▶ [EXCERPTED RECORDS]:
++++++++++++++++++++

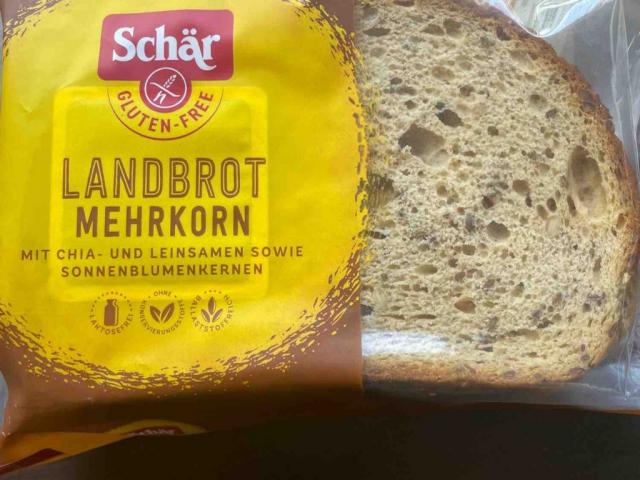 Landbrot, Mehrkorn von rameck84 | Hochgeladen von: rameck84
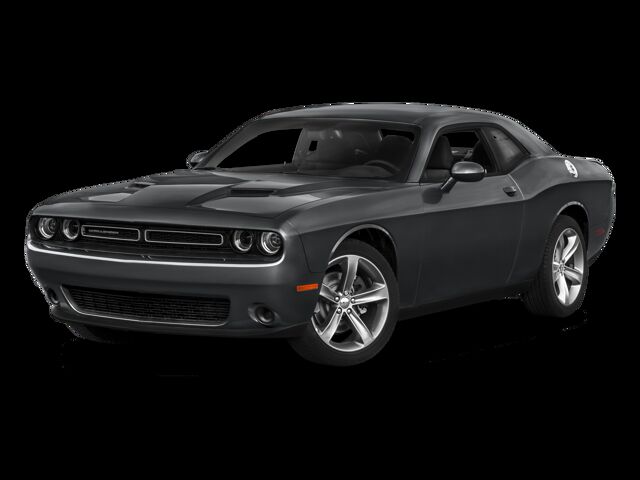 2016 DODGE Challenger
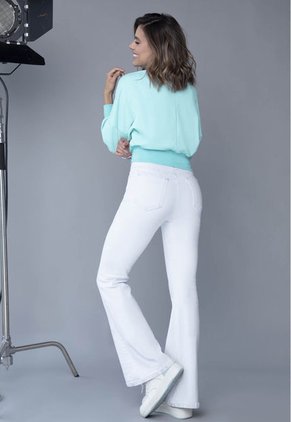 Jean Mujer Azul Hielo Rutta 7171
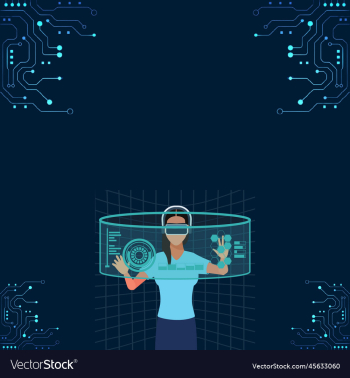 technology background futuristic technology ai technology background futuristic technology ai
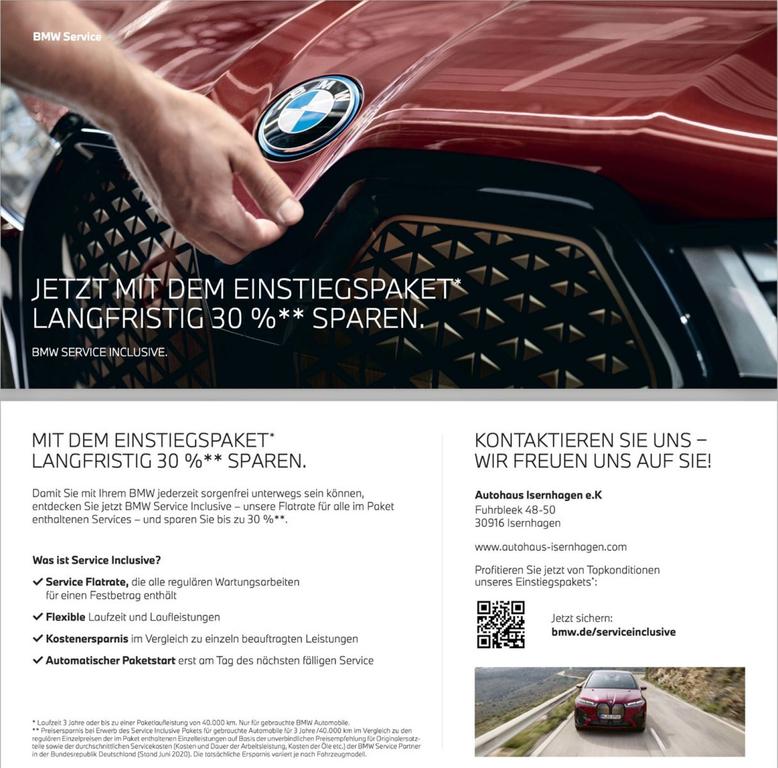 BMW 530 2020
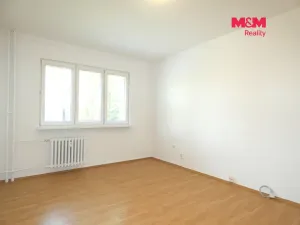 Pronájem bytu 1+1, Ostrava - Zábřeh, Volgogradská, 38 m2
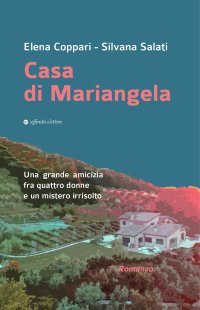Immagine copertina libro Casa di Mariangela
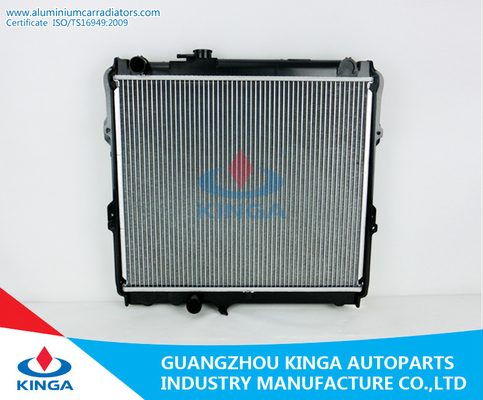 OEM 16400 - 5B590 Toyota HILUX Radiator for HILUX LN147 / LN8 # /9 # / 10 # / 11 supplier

++++++++++++++++++++

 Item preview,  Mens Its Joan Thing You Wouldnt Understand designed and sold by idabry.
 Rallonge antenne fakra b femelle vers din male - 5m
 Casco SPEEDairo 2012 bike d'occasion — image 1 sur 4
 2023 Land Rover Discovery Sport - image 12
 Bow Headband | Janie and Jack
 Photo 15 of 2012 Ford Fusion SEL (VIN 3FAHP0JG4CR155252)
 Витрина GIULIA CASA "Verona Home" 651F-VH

++++++++++++++++++++

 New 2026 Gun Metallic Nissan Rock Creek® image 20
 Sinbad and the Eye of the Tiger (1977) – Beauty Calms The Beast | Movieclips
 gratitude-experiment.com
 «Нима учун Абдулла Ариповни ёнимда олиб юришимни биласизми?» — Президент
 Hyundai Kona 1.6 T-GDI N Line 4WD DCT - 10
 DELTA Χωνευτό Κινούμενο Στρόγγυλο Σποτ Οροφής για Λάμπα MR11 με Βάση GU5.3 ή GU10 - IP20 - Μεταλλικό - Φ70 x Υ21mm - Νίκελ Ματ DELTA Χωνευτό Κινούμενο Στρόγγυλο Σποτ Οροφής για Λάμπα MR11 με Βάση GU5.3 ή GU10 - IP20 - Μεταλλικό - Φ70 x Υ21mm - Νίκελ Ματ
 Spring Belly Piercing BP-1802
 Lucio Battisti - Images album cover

++++++++++++++++++++

▶ [EXERCISE]: Above are records; write out the lines from the one with "Landbrot, Mehrkorn von" down to the one with "BMW 530 2020", exactly, leaving the pictures out.

▶ [TASK OUTPUT]:
 Landbrot, Mehrkorn von rameck84 | Hochgeladen von: rameck84
 2016 DODGE Challenger
 Jean Mujer Azul Hielo Rutta 7171
 technology background futuristic technology ai technology background futuristic technology ai
 BMW 530 2020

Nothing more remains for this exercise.